Summary of the thesis:
The psychiatric ward is a complex setting. This has to do partly with the severity of the patients’ suffering. Often, they present with such diagnoses as psychosis, self-harm, substance abuse, and suicidality. In fact, they often present with a combination of these. This renders the delivery of effective treatment a challenging task. Partly, the complexity of the ward has to do with aspects of the context itself. Admissions and discharges often happen fast and unexpectedly, staff members are expected to handle various challenging behaviors, they display quite high levels of burnout and work dissatisfaction, and the wards are often staffed by bank staff, leading to a lack of continuity of care. This adds to the challenge of delivering effective treatment. In the typical Swedish ward, treatment consists of medication, nursing, observation, and management of risk behaviors. Psychological treatment is seldom a routine part of inpatient care. However, there are sound arguments for adding psychological treatment in the form of cognitive behavior therapy (CBT) of various modalities. Further, there is promise in psychosocial interventions delivered by the nursing staff after appropriate training, and in providing supervision to the staff.
The aim of the present thesis was to investigate the feasibility and potential efficacy of acceptance and commitment therapy (ACT), a CBT based psychotherapy model, as a broadly applied intervention in the context of psychiatric inpatient care. In three studies, ACT was evaluated as a brief individual psychotherapy intervention, and as a psychologically informed approach to dealing with patients performed by the nursing staff group in a psychiatric ward for psychosis patients.
In study I, an average of two sessions of ACT was delivered to patients (n = 11) with a diagnosis of psychosis. Compared to a control group (n = 10), the risk for rehospitalization during a four-month follow-up period was significantly smaller for patients in the experimental group. There was also a trend toward increased values-based living scores in the experimental group, compared to controls.

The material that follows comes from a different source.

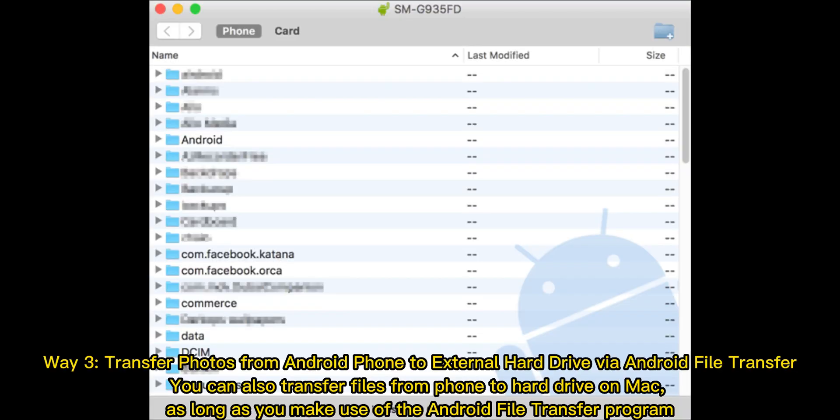Way 3: Transfer photos from Android phone to external hard drive via Android file transfer. You can also transfer files from phone to hard drive on Mac, as long as you make use of the Android file transfer program.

Study II evaluated the effects on staff members (n = 20) and patients (n = 9) of a brief ACT training intervention tailored to the staff group, the aim of which was to introduce ACT as a day-to-day approach to dealing with patients. After a total of 12 hours of ACT training, the staff group displayed a slight increase in work-related psychological flexibility, compared to before, while a non-randomized control group (n = 18) displayed a slight decrease. Patients being treated on the ward after the staff training displayed a slight increase in psychological flexibility during ward treatment, while patients being treated before displayed a slight decrease. In both cases, however, the differences were considered quite small (non-significant in statistical terms). Further, the study investigated ACT-consistent behavior changes among staff members following ACT training, using a multiple baseline single-subject design. Results revealed both expected and unexpected patterns of behavior.
In study III, the usefulness of the ACT model was investigated using a qualitative content analysis. Staff members (n = 10) experienced ACT as useful in terms of dealing with patients’ struggles, enriching typical duties, and dealing with their own stress. Difficulties in using the model related to time restraints, complexities of the model itself, and the severity of patients’ illnesses.
In summary, the present thesis adds to the research basis for ACT as a treatment for psychosis, delivered in an inpatient setting. It shows that the introduction of ACT as an add-on to traditional ward treatment in Sweden is for the most part feasible and acceptable. However, the thesis also discusses various challenges in the implementation of psychological treatment in such a complex context as the inpatient ward, both in terms of delivery of the treatment itself and the evaluation of its effectiveness.